The erosion of newspaper circulation and consequently advertising revenue has been expected for several years, however the industry as a whole has done little to reinvent itself and build a new profitable business model. The obstacle preventing success is clearly the new online medium. Back in April, Nicholas Carr wrote about the impact of unbudling the print newspaper product on the Internet. The problem is online readers can view articles a la carte and completely avoid the sections that subsidize high investment articles like investigative reports. Each article now becomes an individual product and unfortunately the most profitable articles are short, product oriented and match advertiser interests. This sounds eerily similar to the now famous article in the The Atlantic that looked at how online consumption is not only impacting content, but also how we process information.
A great example of how newspapers are being outflanked by new media that often panders to the lowest common denominator was when the L.A. Times, the U.S.’s fourth largest paper, stated that it had 127 million page views in July. Unfortunately the blog network Gawker Media received 254 page view during the same period.
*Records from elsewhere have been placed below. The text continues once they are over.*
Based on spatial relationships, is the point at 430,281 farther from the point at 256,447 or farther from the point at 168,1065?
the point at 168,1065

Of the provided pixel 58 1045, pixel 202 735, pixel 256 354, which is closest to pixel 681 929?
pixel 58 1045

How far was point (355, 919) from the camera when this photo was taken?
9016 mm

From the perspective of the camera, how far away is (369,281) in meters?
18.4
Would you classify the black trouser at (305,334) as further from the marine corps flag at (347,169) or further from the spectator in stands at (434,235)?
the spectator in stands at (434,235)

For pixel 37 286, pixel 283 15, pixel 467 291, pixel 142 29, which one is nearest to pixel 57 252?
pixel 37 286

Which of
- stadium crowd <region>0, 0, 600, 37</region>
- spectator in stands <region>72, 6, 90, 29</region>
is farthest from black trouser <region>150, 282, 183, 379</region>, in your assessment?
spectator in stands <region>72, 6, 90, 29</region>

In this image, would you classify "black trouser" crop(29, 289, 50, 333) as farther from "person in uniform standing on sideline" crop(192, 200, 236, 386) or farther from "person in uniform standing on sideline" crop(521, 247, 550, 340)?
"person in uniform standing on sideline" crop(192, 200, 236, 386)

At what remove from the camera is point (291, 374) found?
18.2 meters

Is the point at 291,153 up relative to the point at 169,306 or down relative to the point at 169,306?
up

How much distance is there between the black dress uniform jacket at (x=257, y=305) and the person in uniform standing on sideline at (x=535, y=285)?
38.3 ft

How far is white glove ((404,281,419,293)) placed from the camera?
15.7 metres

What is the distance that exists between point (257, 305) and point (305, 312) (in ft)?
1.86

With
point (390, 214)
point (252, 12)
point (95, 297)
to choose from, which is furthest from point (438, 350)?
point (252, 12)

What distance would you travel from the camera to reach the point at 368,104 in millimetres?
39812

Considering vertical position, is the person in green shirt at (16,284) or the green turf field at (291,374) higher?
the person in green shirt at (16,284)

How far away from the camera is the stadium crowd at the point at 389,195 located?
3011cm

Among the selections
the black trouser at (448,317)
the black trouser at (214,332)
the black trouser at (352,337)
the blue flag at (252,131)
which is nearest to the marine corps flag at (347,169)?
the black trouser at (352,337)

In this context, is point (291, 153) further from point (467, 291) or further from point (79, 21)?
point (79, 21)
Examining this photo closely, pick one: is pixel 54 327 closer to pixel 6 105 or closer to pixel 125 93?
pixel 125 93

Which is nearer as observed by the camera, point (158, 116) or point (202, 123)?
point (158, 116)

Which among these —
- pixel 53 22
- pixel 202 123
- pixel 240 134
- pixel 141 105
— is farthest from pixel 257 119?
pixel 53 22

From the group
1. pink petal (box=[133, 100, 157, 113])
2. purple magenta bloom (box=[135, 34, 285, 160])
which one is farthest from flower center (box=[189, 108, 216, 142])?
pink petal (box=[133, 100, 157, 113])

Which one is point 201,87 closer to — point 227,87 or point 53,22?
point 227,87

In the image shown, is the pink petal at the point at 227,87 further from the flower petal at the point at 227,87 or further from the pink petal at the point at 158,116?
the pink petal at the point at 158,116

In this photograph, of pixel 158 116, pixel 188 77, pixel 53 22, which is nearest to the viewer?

While it is true that Gawker Media serves a national audience, the L.A. Times would likely argue the same. Surely it should have higher page views than an online tabloid.
Despite the current landscape, local newspapers can survive. I believe in 5 to 10 years most markets will have a single local media and for all their faults, most online newspaper sites are technologically further along than their local broadcast counterparts. Now is the time to invest in online video and intensive local coverage. Local newspapers can outsource national news with recognized blogs that cover specific niches. The Washington Post has already begun experimenting with this in their technology section.
This week the Pew Research Center released findings on current news consumption trends in the U.S. Unsurprisingly, it found that in the last two years there was a 6 percent drop in the number of people that said they read a newspaper the day before. I also learned there is now a category that defines how I receive the news – Net-Newsers.
Lastly, here is a great segment from Costas Now that takes a look at the collision of traditional media and new media and its impact on quality journalism. For reference, Deadspin is a Gawker Media blog.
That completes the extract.